:: PROBLEM REQUIREMENTS ::
Taking the line with "Deluxe Footwear open" as the first and the line with "LOUIS VUITTON Monogram" as the last, set down exactly every line in that range from the entries below, and no more.

-- DATA SUPPLIED follows --

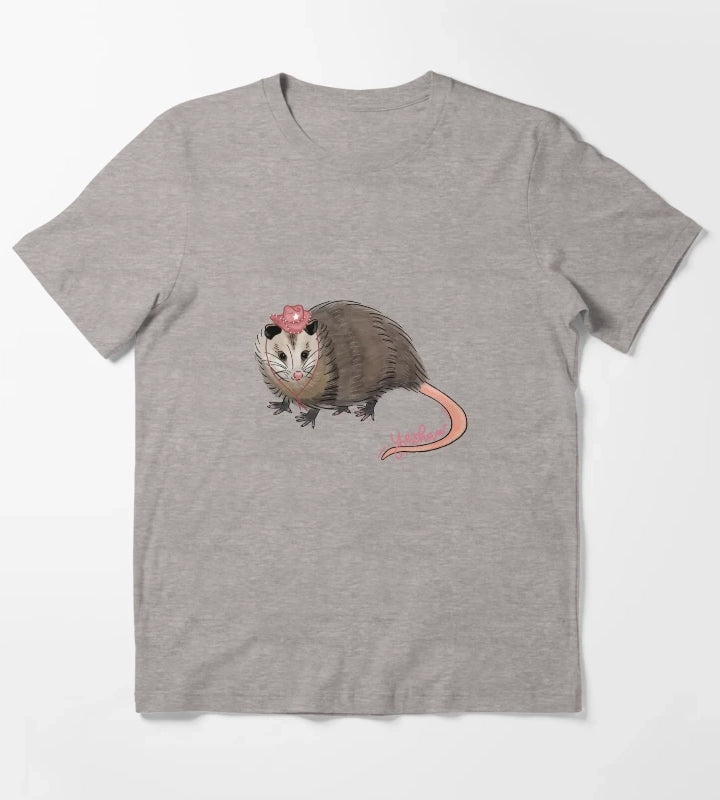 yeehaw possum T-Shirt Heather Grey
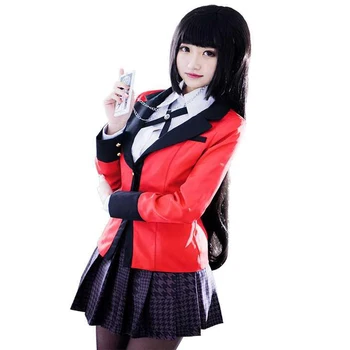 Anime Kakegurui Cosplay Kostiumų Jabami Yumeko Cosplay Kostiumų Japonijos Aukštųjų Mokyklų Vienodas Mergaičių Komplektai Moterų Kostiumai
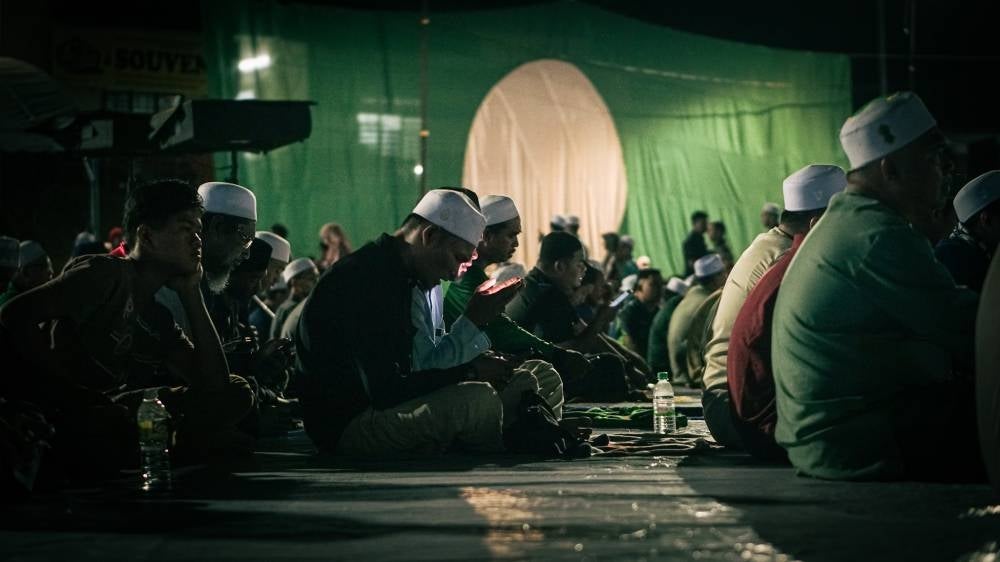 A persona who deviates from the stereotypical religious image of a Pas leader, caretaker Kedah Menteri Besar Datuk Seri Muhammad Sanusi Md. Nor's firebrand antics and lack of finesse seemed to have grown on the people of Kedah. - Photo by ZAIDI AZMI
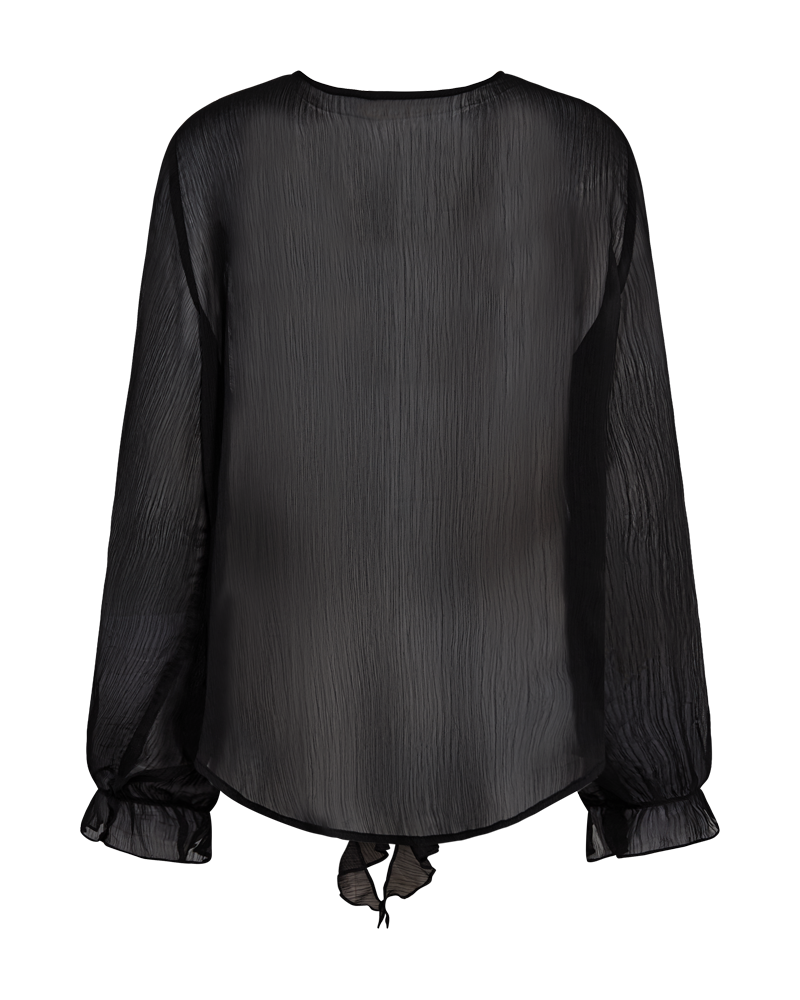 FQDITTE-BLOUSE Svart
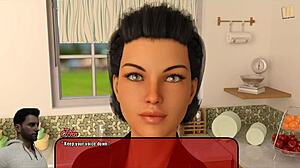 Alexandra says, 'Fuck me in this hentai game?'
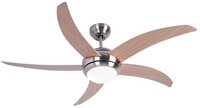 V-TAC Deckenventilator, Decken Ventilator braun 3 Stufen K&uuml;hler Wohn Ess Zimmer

-- DATA SUPPLIED concluded --
-- DATA SUPPLIED follows --

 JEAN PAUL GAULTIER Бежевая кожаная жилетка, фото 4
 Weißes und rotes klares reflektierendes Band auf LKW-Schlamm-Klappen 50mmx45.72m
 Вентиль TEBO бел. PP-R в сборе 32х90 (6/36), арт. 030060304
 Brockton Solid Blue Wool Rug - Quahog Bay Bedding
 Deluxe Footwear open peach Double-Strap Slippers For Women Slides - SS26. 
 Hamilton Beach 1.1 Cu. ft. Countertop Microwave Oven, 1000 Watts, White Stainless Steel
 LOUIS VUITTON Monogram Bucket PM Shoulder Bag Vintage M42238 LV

-- DATA SUPPLIED concluded --

:: RESPONSE AREA ::
 Deluxe Footwear open peach Double-Strap Slippers For Women Slides - SS26. 
 Hamilton Beach 1.1 Cu. ft. Countertop Microwave Oven, 1000 Watts, White Stainless Steel
 LOUIS VUITTON Monogram Bucket PM Shoulder Bag Vintage M42238 LV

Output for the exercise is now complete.